Aren't you doing this trip with a bunch of little ones?  Personally, I think it's way to much "stuff" for a young family.


----------



## Blues (Nov 3, 2014)

Beefnot said:


> *Day 6:* Polynesian Cultural Center & Ha: Breath of Life Show (all day)
> *Day 7:* Spa day for wife and cousin; maybe do Paradise Cove Luau
> 
> While the Polynesian Cultural Center is a bit hokey, I actually like their villages that show the various cultures.  As far as the luau+show: the luau is mediocre.  The show tends to be fairly good (haven't seen this one), but the venue is disappointing enough that it really detracts from it.  It's kind of an indoor/outdoor thing, where the stage is outdoors but you're indoors seated at tables set up in an auditorium-like setting.  Last couple of times I was there, we were seated far enough away that the show was disappointing as a consequence.  I imagine that if you pay extra for the good seats, it may be better than I remember it.
> ...


----------



## DeniseM (Nov 3, 2014)

I liked the PCC big show, but the luau was basically a crowded buffet with mediocre food - skip it.  Just have a casual meal, for a fraction of the cost.


----------



## Beefnot (Nov 3, 2014)

DeniseM said:


> Aren't you doing this trip with a bunch of little ones? Personally, I think it's way to much "stuff" for a young family.


 
Well, my wife always gets on me about our vacations. I always have us ripping and running and we are all operating on fumes by the end of the trip. I love squeezing the most out of our time on vacation, but well, wifey not so much. The kids just love having fun, even if they are worn out. Maybe I'll slow it down, just a tad this time around. 



Blues said:


> Beefnot said:
> 
> 
> > But the real problem with the luau+show is that fact that, due to their being the Mormon Church and all, *there's no beer, wine, or drinks!* That really puts a crimp in enjoying either the dinner or show, IMHO.
> ...


----------



## slip (Nov 3, 2014)

I liked the PCC and the Breath of Life show. I agree with Dennis that the luau 
Food was only mediocre and the luau was nothing special. I would tone it down
A bit too. Part of vacationing is relaxing too. Just because your not doing 
Something doesn't mean your not getting anything out of it. Have some
Island time.


----------



## BocaBoy (Nov 3, 2014)

With 11 days on Oahu, I think you would be foolish to skip the Polynesian Cultural Center.


----------



## rifleman69 (Nov 3, 2014)

BocaBoy said:


> With 11 days on Oahu, I think you would be foolish to skip the Polynesian Cultural Center.

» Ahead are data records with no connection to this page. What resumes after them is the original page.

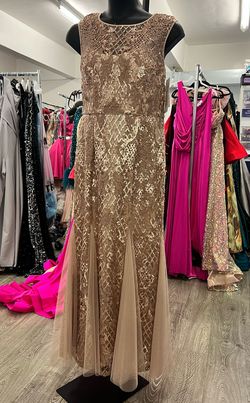 Style 811789969 Alex Evenings Rose Gold Size 12 Tall Height Sequined Straight Dress on Queenly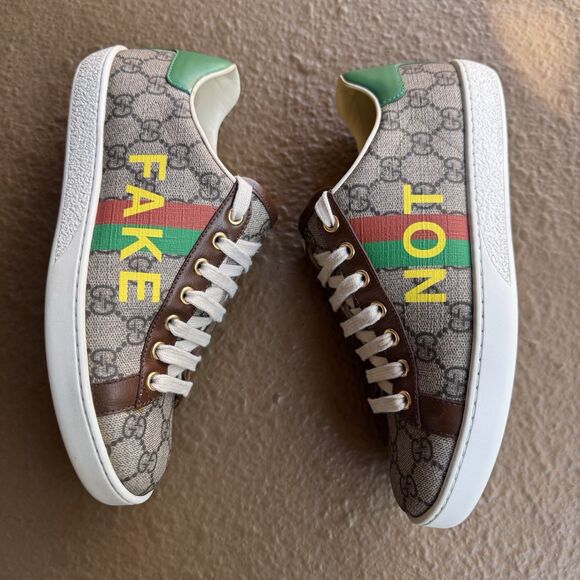 GUCCI Ace Supreme Leather Fake Not Canvas Print Sneaker Women's Brown EU 37 - Picture 3 of 12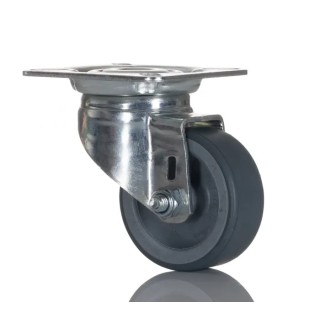 Tente Swivel Castor 100 kg Capacity 50 mm Thermoplastic Rubber Wheel Bright Zinc Plated Pressed Steel 2470YGO050P40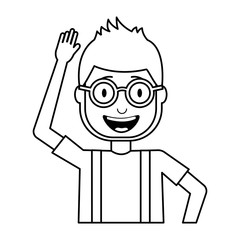 happy man hat and crazy glasses portrait vector illustration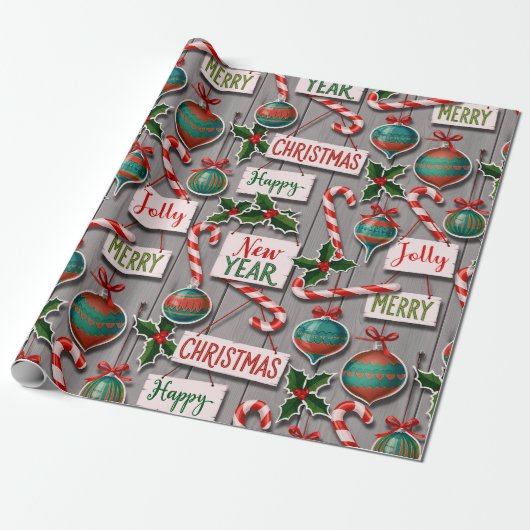 Feestelijke Kerstverwarring Cadeaupapier (Uitgerold)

Agreed, PCC is a fun experience...I enjoyed the show as a kid but the food stunk back then too.


----------



## b2bailey (Nov 4, 2014)

Day 4: Ho'Omaluhia Botanical Garden (3 hours)

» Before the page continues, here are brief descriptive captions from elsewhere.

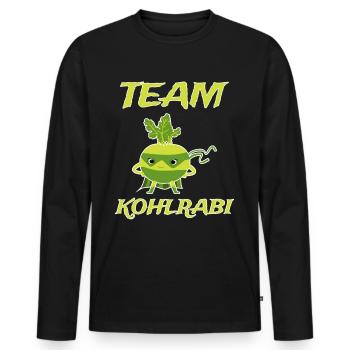 Kohlrabi Superheld Design Spruch - Männer Premium Bio Langarmshirt - Schwarz - Vorne - Nico (187cm)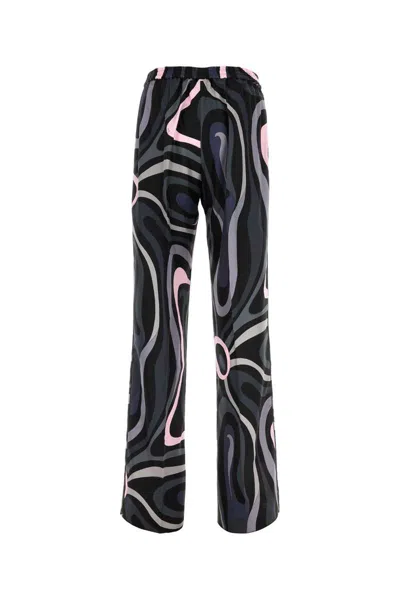 Pucci Abstract Pattern High Waist Wide Leg Trousers In Black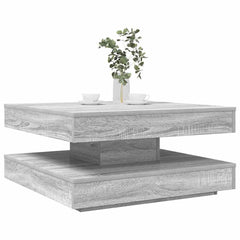 Coffee Table 360-Degree Rotatable 70x70x34.5 cm Grey sonoma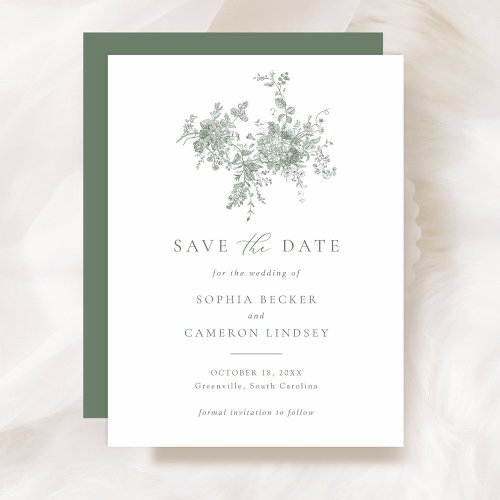 Elegant Floral Sage Green Wedding Save the Date Invitation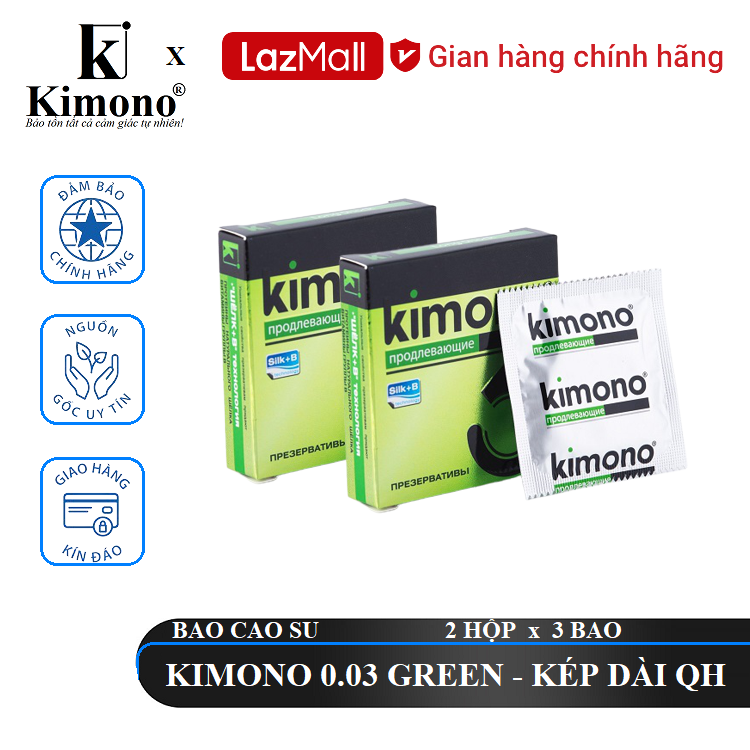 Bộ 2 hộp bao cao su kimono 0.03 green 3 bao - siêu mỏng.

Day 5: Tour North Shore and East Oahu

    <10a - 2p> -- North Shore / Waimea Botanical Garden / Waimea Bay

====
When I saw mention of 'Botanical Garden' two days in a row I imagined two 4 - year olds saying... "Please Daddy, no more Tanical Garden" 
I mean, I'm a grown woman who LIKES botanical gardens and I can imagine myself saying "One is enough."

====
My other thought is...why bother to stay at what I've heard is an amazing resort -- when you will hardly be there. Definitely more time to just enjoy where you staying.


----------



## DaveNV (Nov 4, 2014)

Keep in mind the PCC villages open at noon, and they close at 5:00 to prep for the dinner and show.  So that gives you exactly five hours to see the place, and all the villages.  The demonstrations they put on can all be seen if you plan your time wisely, and don't dawdle.  (With kids, it's impossible to NOT dawdle.)  So plan accordingly.  I'd skip the PCC luau, and go for the one the next night. Your kids will be exhausted.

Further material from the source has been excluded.